:: Data listing ::

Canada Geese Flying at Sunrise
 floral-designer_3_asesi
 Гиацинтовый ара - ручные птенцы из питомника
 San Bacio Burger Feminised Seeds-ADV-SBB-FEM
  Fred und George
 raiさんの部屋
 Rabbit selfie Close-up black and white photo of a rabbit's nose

:::

- **Exercise instructions**
The output must consist solely of the lines from the one containing "Гиацинтовый ара - ручные птенцы из питомника" through the end of the listing, unaltered.

- **Task answer**
 Гиацинтовый ара - ручные птенцы из питомника
 San Bacio Burger Feminised Seeds-ADV-SBB-FEM
  Fred und George
 raiさんの部屋
 Rabbit selfie Close-up black and white photo of a rabbit's nose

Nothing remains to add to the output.